Monday, June 9, 2014

The Advantages of the Secret Church

  I feel I must start this  post with a disclaimer that everybody already knows; I overthink everything.  Now that we have that out of the way...
  It's that time of the year in the America South  where  local churches are having their vacation bible school programs.   You can see these signs on the side of the road advertising the 'theme' for this year, and since most VBS  programs are  a pre-packaged  curriculum purchased from some  church  curriculum publisher warehouse, complete with promotional posters and  handouts, it's not uncommon to see the same poster on the side of the road for different churches.  It's not even that rare for different denominations to have the same program going on, at the same time.  Secret agents are big this year, in case you were wondering.
  I'm not against VBS.  There is one put on by a local church that my kids attend every year even though we don't attend their church.  It's the closest thing to a date night that  my wife and I usually get.  I'm not against VBS workers who take   every night of their lives for a week or so  to spend time with  other people's children,  including mine.  They labour, unpaid, in an attempt to  reach the lost and encourage the saved.  I think it's probably better to have an activity like a VBS than it is to not have it.
 Having said that, I think the  church of Jesus Christ  loses something when it becomes mainstream.  It's hard to imagine the  early church putting signs on the side of the road advertising their  summer program.  It's equally  hard to imagine the  early church meeting in opulent buildings with padded pews.  It seems to me sometimes that  the norm of biblical Christianity should be  a certain amount of persecution, or at least disdain from the locals.  When you lose that, you lose something that is so nebulous that I don't even have a word for it.  It seems to me that 'real Christians' (like a missionary friend of mine in China right now) should be  existing just on the edge of being thrown in jail for their beliefs.  In those  scenarios, there are no lukewarm believers because their faith actually costs them something.
  I think that biblical Christianity can be  the victim of it's own success and when the believers are a substantial part of the population, there is no need to hide.  But with no need to hide, you lose an essential part of what it means to  be  a follower of Jesus Christ.  Within a generation or two, you have a  body of believers who, having grown up without persecution, don't see it as essential, and  therefore avoid it a at all costs.  A generation or two later, and you have a Joel Osteen rear his toothy head.
  But back to VBS.  It's equally difficult for me to  imagine the early church  catering specifically to the children in their midst with  pre-packaged  programs that  try to impart biblical truths by linking them to spacemen or secret agents or safaris.  Part of  me recoils a bit as if God somehow isn't interesting enough to stand on his own.  Do we lose something  when we try to make God relevant?
  I am  familiar and  sympathetic to the argument (advanced by my wife when I start overthinking it) that the goal of evangelism is to  'turn the world upside down' and  one of the  hallmarks of  having some success in that area is that the local community isn't always burning us at the stake.   Signs on the side of the road are progress. We've done the  job and  won  the  community so there is  no longer any need to meet in a cave or in a catacomb. But I am also painfully aware that the Bible says "all who live godly in Christ Jesus shall suffer persecution" and I  just don't think I've done much suffering.

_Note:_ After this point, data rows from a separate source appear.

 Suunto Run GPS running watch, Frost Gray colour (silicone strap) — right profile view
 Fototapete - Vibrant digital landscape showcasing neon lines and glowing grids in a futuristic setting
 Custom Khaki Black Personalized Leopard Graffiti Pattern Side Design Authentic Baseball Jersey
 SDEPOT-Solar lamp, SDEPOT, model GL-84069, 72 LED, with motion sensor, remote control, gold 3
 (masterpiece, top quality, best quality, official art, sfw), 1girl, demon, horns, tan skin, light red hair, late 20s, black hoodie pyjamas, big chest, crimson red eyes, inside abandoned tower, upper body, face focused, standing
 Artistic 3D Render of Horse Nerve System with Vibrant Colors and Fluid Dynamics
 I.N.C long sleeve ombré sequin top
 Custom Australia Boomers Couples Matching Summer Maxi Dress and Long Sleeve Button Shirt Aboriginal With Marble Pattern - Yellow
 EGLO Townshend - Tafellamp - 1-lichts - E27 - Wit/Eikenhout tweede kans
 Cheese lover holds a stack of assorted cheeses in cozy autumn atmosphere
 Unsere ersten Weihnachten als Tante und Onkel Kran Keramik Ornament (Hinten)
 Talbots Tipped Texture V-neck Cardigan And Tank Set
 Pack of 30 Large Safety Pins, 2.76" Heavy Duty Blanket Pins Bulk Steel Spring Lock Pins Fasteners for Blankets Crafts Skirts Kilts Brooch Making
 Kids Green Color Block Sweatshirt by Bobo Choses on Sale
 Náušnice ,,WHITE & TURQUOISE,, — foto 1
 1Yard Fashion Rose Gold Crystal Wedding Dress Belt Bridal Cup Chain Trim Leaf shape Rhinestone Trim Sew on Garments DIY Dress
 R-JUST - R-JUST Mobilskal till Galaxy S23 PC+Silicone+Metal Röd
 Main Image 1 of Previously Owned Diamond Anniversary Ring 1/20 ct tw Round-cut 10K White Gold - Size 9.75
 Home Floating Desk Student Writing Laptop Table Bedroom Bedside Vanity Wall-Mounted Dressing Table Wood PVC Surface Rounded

  I think , even as a street preacher who takes his fair share of  verbal abuse from the community, my persecution  level is so low that it doesn't even register. I sincerely believe that at that judgment seat of Christ, people like me will be told that we received our rewards down here, and therefore  don't receive so many up there. After all,  I will drop my children off  at a  comfortable, climate controlled building where modestly  dressed women and spirit-filled men will take time with them and teach them some bible truths.    If that's not the easy life, what is?